Records for the task:
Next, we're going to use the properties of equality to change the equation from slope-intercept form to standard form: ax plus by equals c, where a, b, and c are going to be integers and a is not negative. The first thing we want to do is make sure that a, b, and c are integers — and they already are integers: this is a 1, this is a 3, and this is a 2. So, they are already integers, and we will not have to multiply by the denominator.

---

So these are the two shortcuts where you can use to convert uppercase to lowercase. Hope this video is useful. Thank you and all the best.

* * *

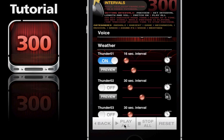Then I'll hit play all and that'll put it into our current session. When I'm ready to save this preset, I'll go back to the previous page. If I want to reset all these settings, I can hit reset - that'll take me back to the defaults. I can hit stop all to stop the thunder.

Work task: Look for the word "where" in the data, then return every line that contains it.

Answer section:
Next, we're going to use the properties of equality to change the equation from slope-intercept form to standard form: ax plus by equals c, where a, b, and c are going to be integers and a is not negative. The first thing we want to do is make sure that a, b, and c are integers — and they already are integers: this is a 1, this is a 3, and this is a 2. So, they are already integers, and we will not have to multiply by the denominator.
So these are the two shortcuts where you can use to convert uppercase to lowercase. Hope this video is useful. Thank you and all the best.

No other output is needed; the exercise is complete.